<<<<
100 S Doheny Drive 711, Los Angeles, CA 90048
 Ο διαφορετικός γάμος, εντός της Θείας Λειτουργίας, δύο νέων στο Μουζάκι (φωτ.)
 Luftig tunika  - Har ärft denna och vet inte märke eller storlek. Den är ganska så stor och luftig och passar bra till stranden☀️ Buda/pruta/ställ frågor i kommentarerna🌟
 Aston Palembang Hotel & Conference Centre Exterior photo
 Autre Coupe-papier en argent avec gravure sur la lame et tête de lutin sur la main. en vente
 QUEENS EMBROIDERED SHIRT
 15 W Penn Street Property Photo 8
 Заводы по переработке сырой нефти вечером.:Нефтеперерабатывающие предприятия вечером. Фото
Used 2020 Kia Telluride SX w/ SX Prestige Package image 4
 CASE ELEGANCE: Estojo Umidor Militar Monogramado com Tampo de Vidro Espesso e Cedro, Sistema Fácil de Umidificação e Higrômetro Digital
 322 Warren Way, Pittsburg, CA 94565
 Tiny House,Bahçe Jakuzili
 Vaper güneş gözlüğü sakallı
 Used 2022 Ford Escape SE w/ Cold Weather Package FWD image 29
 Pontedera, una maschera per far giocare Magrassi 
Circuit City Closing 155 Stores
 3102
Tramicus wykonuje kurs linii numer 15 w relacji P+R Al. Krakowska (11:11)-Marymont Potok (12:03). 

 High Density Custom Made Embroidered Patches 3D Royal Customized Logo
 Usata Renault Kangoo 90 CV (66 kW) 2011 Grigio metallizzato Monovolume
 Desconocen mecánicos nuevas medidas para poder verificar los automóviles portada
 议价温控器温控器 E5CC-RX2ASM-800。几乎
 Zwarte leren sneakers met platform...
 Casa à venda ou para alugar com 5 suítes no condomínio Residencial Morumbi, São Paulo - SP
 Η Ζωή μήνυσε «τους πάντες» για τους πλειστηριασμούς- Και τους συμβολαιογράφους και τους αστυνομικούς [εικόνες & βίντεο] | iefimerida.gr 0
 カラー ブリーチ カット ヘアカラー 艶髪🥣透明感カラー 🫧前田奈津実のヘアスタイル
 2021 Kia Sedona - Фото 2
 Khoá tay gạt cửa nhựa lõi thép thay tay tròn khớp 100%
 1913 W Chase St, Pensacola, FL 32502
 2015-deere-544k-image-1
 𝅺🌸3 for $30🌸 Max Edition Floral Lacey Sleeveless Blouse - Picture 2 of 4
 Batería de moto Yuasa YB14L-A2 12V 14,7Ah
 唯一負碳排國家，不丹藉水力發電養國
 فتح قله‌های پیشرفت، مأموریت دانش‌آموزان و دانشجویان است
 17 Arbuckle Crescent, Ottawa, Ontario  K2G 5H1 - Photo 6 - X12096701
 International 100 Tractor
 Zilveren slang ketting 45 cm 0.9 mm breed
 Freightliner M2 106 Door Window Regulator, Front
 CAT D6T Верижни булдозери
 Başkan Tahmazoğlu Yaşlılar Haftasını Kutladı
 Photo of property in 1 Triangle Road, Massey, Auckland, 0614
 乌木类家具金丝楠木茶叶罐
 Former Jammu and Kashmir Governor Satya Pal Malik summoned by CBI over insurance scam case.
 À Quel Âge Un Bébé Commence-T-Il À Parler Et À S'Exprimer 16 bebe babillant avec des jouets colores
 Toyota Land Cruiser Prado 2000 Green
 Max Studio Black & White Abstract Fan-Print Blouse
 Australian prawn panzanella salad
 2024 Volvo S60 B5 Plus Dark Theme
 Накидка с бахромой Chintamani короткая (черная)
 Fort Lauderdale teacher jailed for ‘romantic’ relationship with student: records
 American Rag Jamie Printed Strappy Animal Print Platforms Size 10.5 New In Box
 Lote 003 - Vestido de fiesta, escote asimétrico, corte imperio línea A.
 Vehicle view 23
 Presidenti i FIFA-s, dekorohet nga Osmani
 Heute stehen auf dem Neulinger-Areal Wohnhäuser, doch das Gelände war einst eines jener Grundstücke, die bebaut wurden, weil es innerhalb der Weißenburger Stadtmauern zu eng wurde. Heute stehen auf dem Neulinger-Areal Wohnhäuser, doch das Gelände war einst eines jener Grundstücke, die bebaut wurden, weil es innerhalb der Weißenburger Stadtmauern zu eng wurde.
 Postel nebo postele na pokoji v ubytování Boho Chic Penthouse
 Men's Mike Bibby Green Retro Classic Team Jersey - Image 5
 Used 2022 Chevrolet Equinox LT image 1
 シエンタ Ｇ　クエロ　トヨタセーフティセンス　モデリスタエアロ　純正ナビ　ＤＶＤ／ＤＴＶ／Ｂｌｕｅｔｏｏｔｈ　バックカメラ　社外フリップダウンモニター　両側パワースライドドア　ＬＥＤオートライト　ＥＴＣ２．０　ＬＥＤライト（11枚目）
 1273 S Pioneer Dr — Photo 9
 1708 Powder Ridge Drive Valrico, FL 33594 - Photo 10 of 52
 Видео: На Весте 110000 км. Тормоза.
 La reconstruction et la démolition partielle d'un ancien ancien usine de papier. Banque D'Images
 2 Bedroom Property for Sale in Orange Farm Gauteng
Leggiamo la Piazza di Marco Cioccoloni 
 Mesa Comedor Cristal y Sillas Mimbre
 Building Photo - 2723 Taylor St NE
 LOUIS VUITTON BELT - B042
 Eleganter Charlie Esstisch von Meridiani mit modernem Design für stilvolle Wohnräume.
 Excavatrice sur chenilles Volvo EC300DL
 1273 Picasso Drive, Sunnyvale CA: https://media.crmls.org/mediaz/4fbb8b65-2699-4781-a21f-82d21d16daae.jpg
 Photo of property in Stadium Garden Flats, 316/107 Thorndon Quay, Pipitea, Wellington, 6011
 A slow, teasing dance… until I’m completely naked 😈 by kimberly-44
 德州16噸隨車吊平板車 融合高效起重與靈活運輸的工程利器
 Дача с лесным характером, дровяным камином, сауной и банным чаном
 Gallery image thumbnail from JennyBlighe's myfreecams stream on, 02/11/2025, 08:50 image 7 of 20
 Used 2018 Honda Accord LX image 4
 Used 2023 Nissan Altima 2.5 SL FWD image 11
>>>>
Assignment:
Return the lines of the listing where the string "Green" appears.

Your response:
 Toyota Land Cruiser Prado 2000 Green
 Men's Mike Bibby Green Retro Classic Team Jersey - Image 5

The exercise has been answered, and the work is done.